Purpose: Oxidative damage and inflammation are expected to be involved in age-related functional decline of lachrymal gland, that induces lachrymal dysfunction; this resulting in dry eye disease. Therefore, we investigated the potential antioxidant effect of 0.2% xanthan gum (XNT) in human corneal epithelial cells (HCE), in comparison with other widely used tear substitute polymers, such as 0.2% hydroxyethylcellulose (HEC), 0.2% hyaluronic acid (HA) and 0.5% carboxymethylcellulose (CMC).
Methods: Subconfluent (80%) HCE (Human Corneal Epithelial) cultures were treated with the different polysaccharides at the above reported concentrations. The effect of every polymer was investigated with and without 0.5 mM H2O2 In detail, hydrogen peroxide was added 1 hour after the addition of polysaccharides. Twelve hours later, reactive oxygen species (ROS) production (dichlorofluorescein diacetate spectrofluorimetric test) was assessed and their values were normalized versus protein content. Morphological analysis was performed by optical microscopy.

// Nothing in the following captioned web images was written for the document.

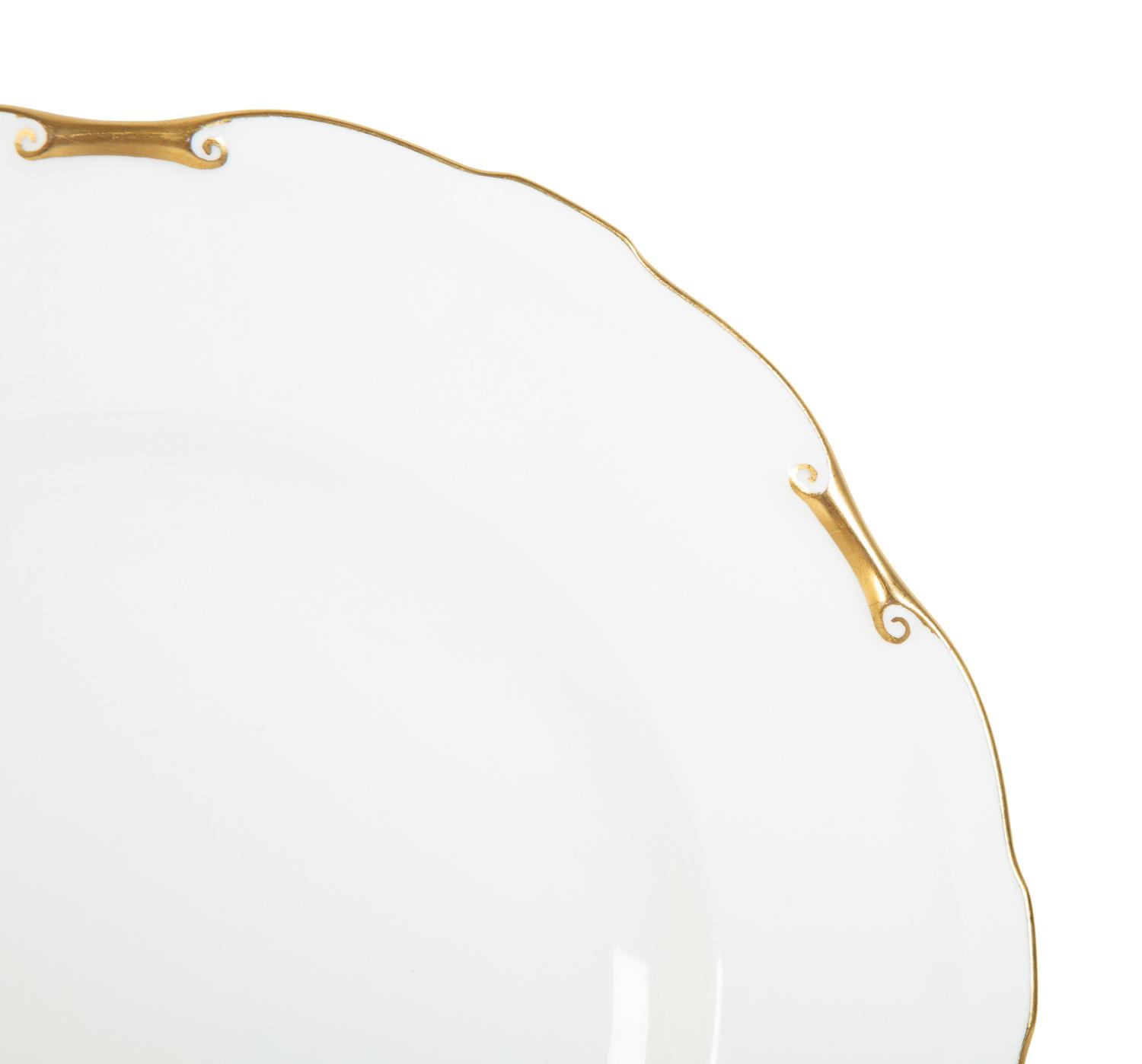 A Royal Crown Derby Porcelain Regency Pattern Dinner Service — 20TH CENTURY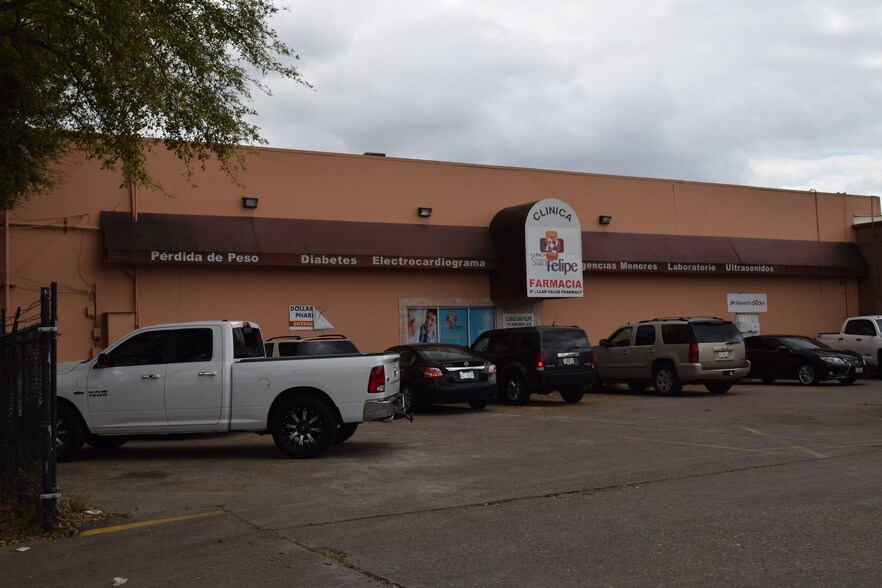 More Photos Of 7118 Harrisburg Blvd, Houston Medical For Sale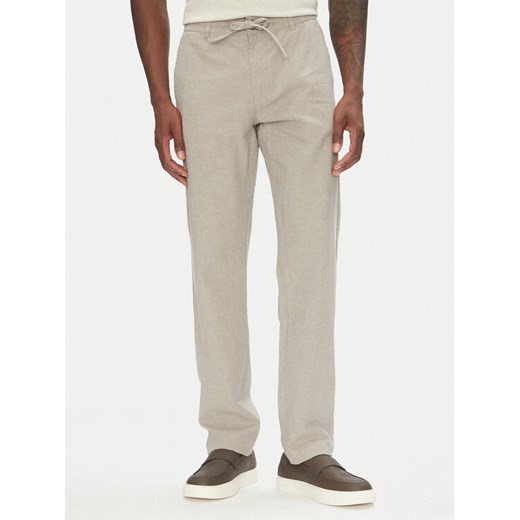 Lindbergh Spodnie materiałowe 30-008003 Szary Tapered Fit ze sklepu MODIVO w kategorii Spodnie męskie - zdjęcie 183631579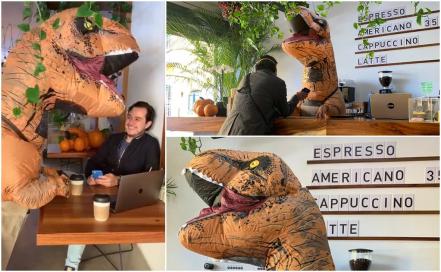 Eduardo, el "dinosaurio" barista que atiende cafetería en el Centro de SLP
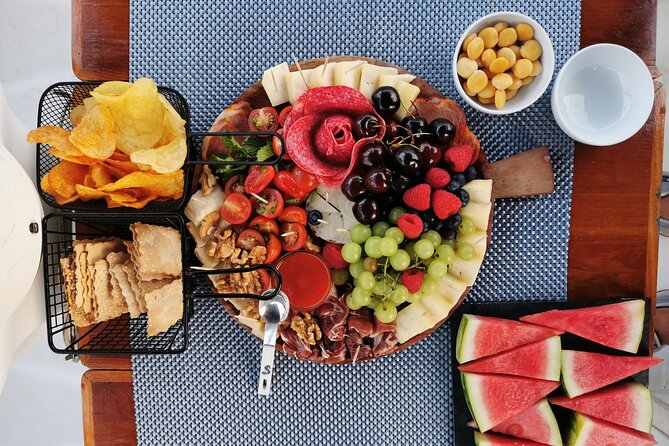 Porto: Wine and cheese tasting on a sailboat on the Douro River - Is $467.32 good value for up to eight people?
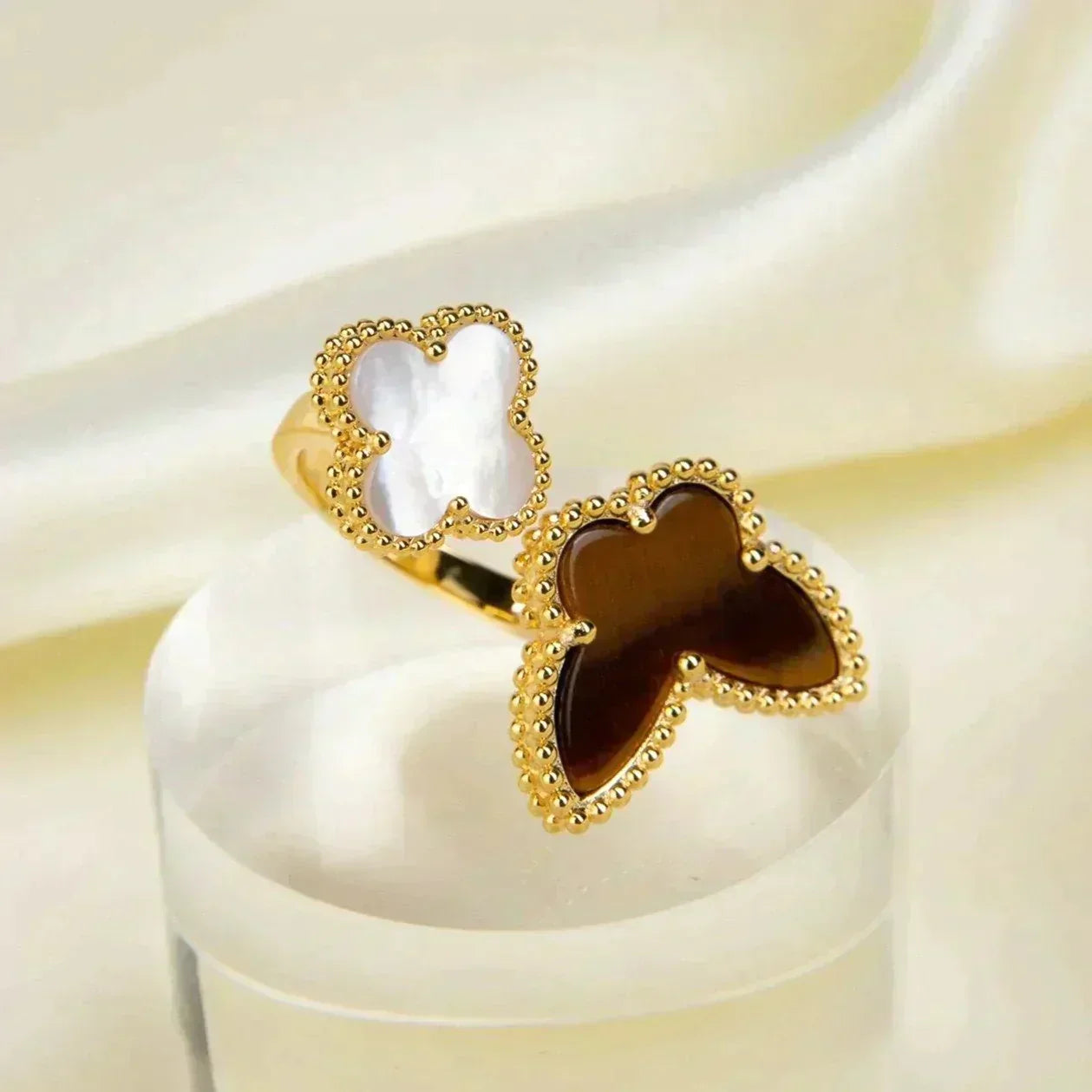 [ECHO ]LUCKY BETWEEN THE FINGER RING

Results: No morphological differences in HCE compared to control cells (CTRL, cells treated with the buffer used for polymer solubilization) were observed in any of the tested polymers, whereas, in the presence of 0.5 mM H2O2 HCE clearly showed signs of cytotoxicity. Polymers did protect cultures from oxidative stress with XNT>HA = HEC>CMC, as evidenced by microscopic analysis. These results were confirmed from ROS measurements, which showed XNT as the only polysaccharide to restore the levels of ROS comparable to CTRL, in presence of H2O2.
Conclusions: 0.2% xanthan gum was able to protect HCE by oxidative stress, bringing the ROS level down to CTRL values. Considering that in dry eye syndrome oxidative stress sustains inflammation and apoptotic cell death, the use of xanthan gum in ophthalmic preparations could be beneficial.
Keywords: Antioxidant effect; dry-eye; human corneal epithelial; oxidative stress; xanthan gum.